Por outro prisma, adianta a psicóloga, a palmada pode ser um ato “impulsivo” provocado pela “dificuldade de gestão emocional dos pais”.

Em ambos os casos, conclui, esta atitude “revela uma falta de competências por parte do adulto para conseguir encontrar outras formas de lidar com a situação”.

Esta visão é partilhada por Clementina Almeida que alerta também para o perigo do argumento “eu também apanhei e não morri” utilizado por alguns educadores.
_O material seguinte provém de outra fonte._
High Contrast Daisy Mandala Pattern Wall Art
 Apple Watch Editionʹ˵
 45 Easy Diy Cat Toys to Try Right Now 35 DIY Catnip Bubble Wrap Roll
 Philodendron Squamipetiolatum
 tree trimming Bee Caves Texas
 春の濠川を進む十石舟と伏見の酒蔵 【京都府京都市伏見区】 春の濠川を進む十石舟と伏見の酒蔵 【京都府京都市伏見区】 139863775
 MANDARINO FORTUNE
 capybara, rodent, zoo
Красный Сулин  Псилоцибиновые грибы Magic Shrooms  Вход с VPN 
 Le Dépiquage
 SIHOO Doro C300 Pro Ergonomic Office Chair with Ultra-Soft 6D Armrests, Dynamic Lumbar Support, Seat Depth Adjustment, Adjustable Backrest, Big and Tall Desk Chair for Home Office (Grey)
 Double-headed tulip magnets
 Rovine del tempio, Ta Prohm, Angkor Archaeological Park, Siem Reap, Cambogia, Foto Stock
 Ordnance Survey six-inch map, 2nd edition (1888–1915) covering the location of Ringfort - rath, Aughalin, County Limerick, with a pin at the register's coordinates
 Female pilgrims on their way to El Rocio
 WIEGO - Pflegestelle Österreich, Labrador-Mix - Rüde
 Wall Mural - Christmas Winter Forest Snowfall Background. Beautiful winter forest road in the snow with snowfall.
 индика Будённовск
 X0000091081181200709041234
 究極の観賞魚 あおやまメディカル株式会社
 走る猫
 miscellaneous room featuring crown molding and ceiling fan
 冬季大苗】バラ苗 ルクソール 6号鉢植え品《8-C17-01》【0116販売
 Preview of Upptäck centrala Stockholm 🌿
Ora, na perspetiva da psicóloga, esta frase “romantiza” a violência e impede a adoção de estratégias de educação mais “gentis”.

Para ser mais clara, a fundadora da For Babies Brain faz uma analogia com a segurança rodoviária: “Nós antigamente também andávamos sem cinto de segurança e muitos de nós não morreram. Mas a verdade é que hoje sabemos que isso pode trazer danos, e já ninguém pensa em ter uma criança no carro sem cinto de segurança, porque existe um risco”.

Assim sendo, “há coisas que nós fazíamos antigamente que não nos faziam morrer, mas que, se calhar, deixaram marcas e que não fazemos agora”.

Por isso, atualmente, havendo maior conhecimento sobre os impactos dos castigos físicos, “deveríamos deixar de usar a palmada”.

As palmadas são necessárias e eficazes?

Ambas as especialistas concordam que as palmadas não são necessárias e que há outras formas de educar as crianças sem recurso à violência. Para Clementina Almeida, os castigos físicos “são sempre o exercício do poder de alguém mais forte sobre alguém mais fraco, mesmo na educação das crianças”.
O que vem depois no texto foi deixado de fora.